The main governing factors of heterogeneity within reservoirs are mineralogy, lithology, and pore structure (Chen et al. 2021; Qiao et al. 2019; Wang et al. 2022). When the internal components of the reservoir rock are relatively stable, the heterogeneity of the reservoirs is chiefly determined by porosity, permeability, and pore structure. In order to better characterize and quantify the heterogeneity of the reservoir, Hearn et al. (1983) first proposed the concept of a hydraulic flow unit (HFU). A HFU refers to a reservoir with similar porosity, permeability, pore throat attributes and bedding characteristics, which is both connected horizontally and vertically. Meanwhile, the seepage characteristics in the same HFU are analogous, and the seepage characteristics between different HFUs are different. Amaefule et al. (1993) proposed the flow zone indicator (FZI) from the modified Kozeny–Carman equation and used it to predict the permeability of reservoirs. FZI refers to a well-defined reservoir parameter, incorporating the geological features of mineralogy and texture in distinguishing the different formation facies or HFUs. Therefore, FZI is usually used to quantify the heterogeneity and quality of the reservoirs. In general, a larger FZI value indicates the better physical properties and the lower degree of heterogeneity of reservoirs. Nooruddin and Hossain (2011) revised the tortuosity term of the Kozeny–Carman model and proposed the definition of enhanced hydraulic flow unit, which obtained good results in some high-permeability reservoirs. In recent years, the concept of HFU has gained increasing attention in the study of reservoir characterization, and many researchers (Abu-Hashish et al. 2022; Kassab et al. 2021; Kou et al. 2022) have used HFU to characterize and classify different reservoirs.

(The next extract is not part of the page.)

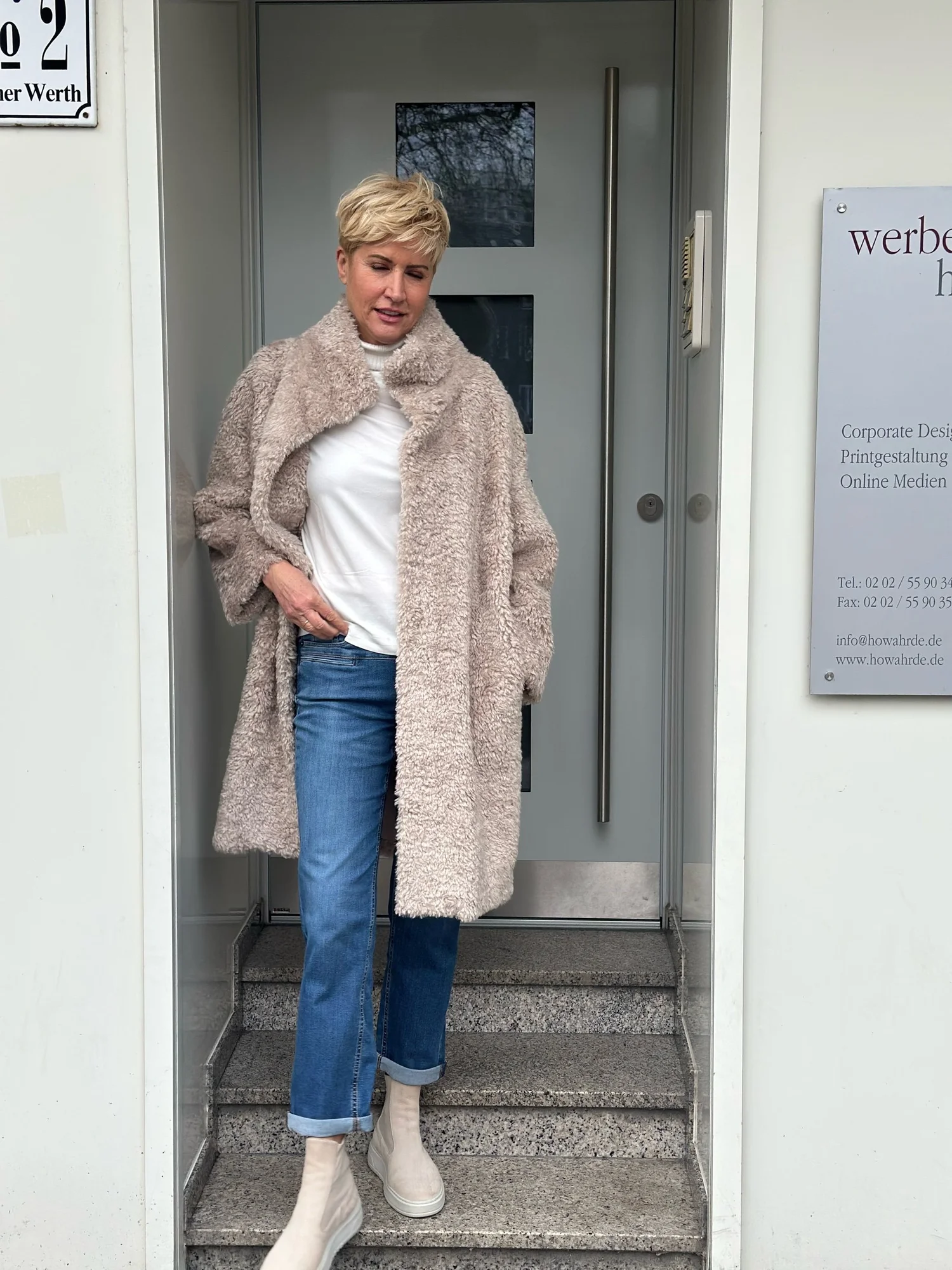 Uhr Ã¼ber Pullover Tragen Weißer Weicher Mohair-Pullover Mit V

The HFU is the macroscopic parameter that is determined by the pore structure of the rock (Chen et al. 2017; Khurpade et al. 2021). In addition to the porosity and permeability analyzed from core samples, many researchers also use other core physical experiments to descript and classify the pore structure, including mercury intrusion capillary pressure (MICP), nuclear magnetic resonance (NMR), N2 adsorption, and some imaging methods (Jiang et al. 2018; Ma et al. 2019; Yan et al. 2018; Zhao et al. 2017). These studies are all based on rock sample experiments. However, core sampling is relatively rare in common producing wells, because of its high cost and time consumption. Well logs are measured in almost all production wells. They contain more information and have good vertical continuity. It will be more meaningful to classify reservoirs through logging curves. So far, many scholars (Al-Mudhafar 2019; Mou et al. 2015) have used logging curves to classify reservoirs and lithofacies and achieved good results.

Static data such as core analysis and logging curves can only reflect the state of the reservoir at a specific time. Reservoir characterization and evaluation based on static data is still of relatively limited help in understanding the waterflooding performance of reservoirs. The oil cut data can calculate the oil saturation, oil/water ratio, recovery factor, and displacement efficiency, to further characterize the waterflooding performance. Therefore, it is very essential to predict the oil cut at different times after flooding in low-permeability waterflooded layers based on dynamic production data.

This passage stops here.